== WHAT THE TASK REQUIRES ==
Using the entries below, write out the line with "Cotton Twill Baseball", the line with "Art.40400390 Champ Japan", and every line in between, exactly as each is written.

##### RECORDS PROVIDED #####

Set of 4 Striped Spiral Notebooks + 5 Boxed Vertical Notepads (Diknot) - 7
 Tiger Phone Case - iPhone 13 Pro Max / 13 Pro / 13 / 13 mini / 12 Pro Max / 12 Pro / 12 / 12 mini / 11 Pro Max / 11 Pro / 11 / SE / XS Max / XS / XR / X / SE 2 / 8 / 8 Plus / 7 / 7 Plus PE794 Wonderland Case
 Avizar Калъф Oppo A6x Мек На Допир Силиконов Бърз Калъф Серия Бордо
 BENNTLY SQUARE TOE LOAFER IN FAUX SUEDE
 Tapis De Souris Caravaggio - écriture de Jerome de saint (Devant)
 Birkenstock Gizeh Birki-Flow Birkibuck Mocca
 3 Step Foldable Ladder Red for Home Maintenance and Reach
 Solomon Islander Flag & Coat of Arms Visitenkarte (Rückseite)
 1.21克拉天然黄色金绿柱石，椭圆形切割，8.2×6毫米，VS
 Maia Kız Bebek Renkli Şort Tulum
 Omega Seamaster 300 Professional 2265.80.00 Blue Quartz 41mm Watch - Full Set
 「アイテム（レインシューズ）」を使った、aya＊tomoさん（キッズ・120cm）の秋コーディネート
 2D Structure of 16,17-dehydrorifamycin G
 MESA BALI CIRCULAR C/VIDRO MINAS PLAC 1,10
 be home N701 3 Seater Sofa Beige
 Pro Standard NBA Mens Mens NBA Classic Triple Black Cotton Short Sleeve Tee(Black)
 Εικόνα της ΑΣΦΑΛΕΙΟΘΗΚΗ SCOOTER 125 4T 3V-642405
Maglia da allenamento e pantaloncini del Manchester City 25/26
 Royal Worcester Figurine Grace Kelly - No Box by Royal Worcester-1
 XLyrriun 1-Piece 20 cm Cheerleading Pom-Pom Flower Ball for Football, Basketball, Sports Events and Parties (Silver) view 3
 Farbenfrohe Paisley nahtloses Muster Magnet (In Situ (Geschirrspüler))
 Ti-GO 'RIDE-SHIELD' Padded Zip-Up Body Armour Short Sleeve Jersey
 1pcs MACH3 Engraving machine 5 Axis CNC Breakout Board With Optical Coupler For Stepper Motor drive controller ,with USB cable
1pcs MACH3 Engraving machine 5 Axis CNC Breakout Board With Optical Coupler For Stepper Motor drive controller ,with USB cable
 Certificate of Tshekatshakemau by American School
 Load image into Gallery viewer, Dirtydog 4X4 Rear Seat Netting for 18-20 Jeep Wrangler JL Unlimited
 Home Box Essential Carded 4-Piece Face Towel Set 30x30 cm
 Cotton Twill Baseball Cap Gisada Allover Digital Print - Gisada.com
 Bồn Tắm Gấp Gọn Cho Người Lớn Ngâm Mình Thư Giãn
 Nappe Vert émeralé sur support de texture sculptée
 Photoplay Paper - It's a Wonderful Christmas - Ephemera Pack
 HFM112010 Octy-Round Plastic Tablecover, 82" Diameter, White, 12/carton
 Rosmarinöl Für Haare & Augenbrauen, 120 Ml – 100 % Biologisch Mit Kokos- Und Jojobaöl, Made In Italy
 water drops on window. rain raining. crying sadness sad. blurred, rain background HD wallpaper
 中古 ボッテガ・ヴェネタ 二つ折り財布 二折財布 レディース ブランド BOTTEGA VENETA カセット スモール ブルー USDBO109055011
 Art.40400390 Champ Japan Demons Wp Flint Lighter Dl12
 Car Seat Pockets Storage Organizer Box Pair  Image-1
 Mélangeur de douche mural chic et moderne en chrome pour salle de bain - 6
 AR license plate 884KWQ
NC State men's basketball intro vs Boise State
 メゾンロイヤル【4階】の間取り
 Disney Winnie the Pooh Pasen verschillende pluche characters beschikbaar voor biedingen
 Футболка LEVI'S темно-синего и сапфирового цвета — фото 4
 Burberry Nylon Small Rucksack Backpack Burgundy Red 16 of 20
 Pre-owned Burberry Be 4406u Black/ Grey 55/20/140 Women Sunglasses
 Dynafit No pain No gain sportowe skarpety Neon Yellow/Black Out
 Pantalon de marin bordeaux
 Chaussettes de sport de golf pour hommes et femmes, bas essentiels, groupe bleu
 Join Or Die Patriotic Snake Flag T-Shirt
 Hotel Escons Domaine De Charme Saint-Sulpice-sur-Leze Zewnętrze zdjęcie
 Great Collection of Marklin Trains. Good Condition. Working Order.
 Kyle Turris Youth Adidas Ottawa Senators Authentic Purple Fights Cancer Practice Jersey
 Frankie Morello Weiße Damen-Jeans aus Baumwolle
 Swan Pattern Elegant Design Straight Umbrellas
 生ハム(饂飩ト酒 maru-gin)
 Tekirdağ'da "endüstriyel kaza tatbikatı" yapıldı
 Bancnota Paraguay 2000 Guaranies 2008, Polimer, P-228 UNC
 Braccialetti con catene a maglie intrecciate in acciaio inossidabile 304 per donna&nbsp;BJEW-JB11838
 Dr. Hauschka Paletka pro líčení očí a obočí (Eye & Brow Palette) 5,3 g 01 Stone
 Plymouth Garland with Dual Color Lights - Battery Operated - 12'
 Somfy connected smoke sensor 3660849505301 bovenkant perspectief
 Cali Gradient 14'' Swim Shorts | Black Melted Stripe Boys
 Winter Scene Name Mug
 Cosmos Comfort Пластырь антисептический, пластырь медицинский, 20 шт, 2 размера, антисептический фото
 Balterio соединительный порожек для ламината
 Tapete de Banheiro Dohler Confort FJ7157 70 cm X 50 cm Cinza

#####

== PROBLEM SOLUTION ==
 Cotton Twill Baseball Cap Gisada Allover Digital Print - Gisada.com
 Bồn Tắm Gấp Gọn Cho Người Lớn Ngâm Mình Thư Giãn
 Nappe Vert émeralé sur support de texture sculptée
 Photoplay Paper - It's a Wonderful Christmas - Ephemera Pack
 HFM112010 Octy-Round Plastic Tablecover, 82" Diameter, White, 12/carton
 Rosmarinöl Für Haare & Augenbrauen, 120 Ml – 100 % Biologisch Mit Kokos- Und Jojobaöl, Made In Italy
 water drops on window. rain raining. crying sadness sad. blurred, rain background HD wallpaper
 中古 ボッテガ・ヴェネタ 二つ折り財布 二折財布 レディース ブランド BOTTEGA VENETA カセット スモール ブルー USDBO109055011
 Art.40400390 Champ Japan Demons Wp Flint Lighter Dl12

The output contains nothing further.